[COLLECTED MATERIAL Boundary: Start]

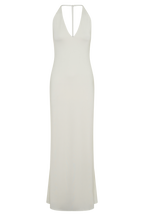 Hana Slinky Plunge Maxi Dress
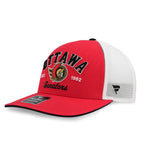 OTTAWA SENATORS BULLETIN STRUCTURED ADJUSTABLE CAP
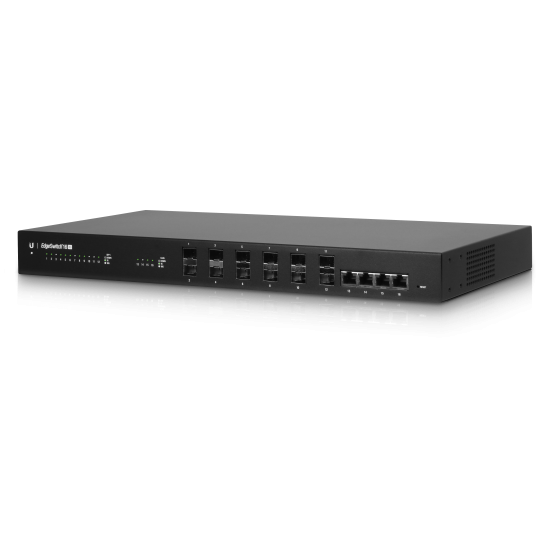 Ubiquiti Networks ES16XG Géré 10G Ethernet (100/1000/10000) Noir 1U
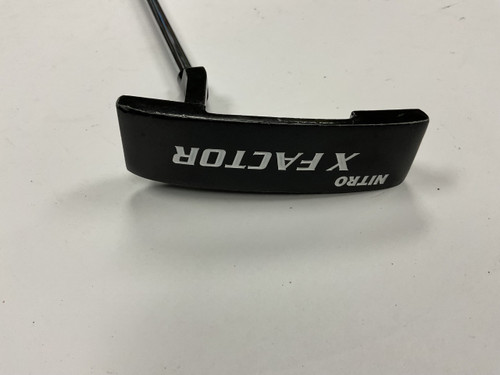 Vist Large View of Product Image Which is Used Nitro X FACTOR Mens Putter RH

[COLLECTED MATERIAL Boundary: End]

* WHAT THE EXERCISE ASKS
Extract, word for word, every line from the one holding "OTTAWA SENATORS BULLETIN" through the closing line of the data above. Do not include any pictures.

* RESULT FOR THIS EXERCISE
 OTTAWA SENATORS BULLETIN STRUCTURED ADJUSTABLE CAP
 Ubiquiti Networks ES16XG Géré 10G Ethernet (100/1000/10000) Noir 1U
 Vist Large View of Product Image Which is Used Nitro X FACTOR Mens Putter RH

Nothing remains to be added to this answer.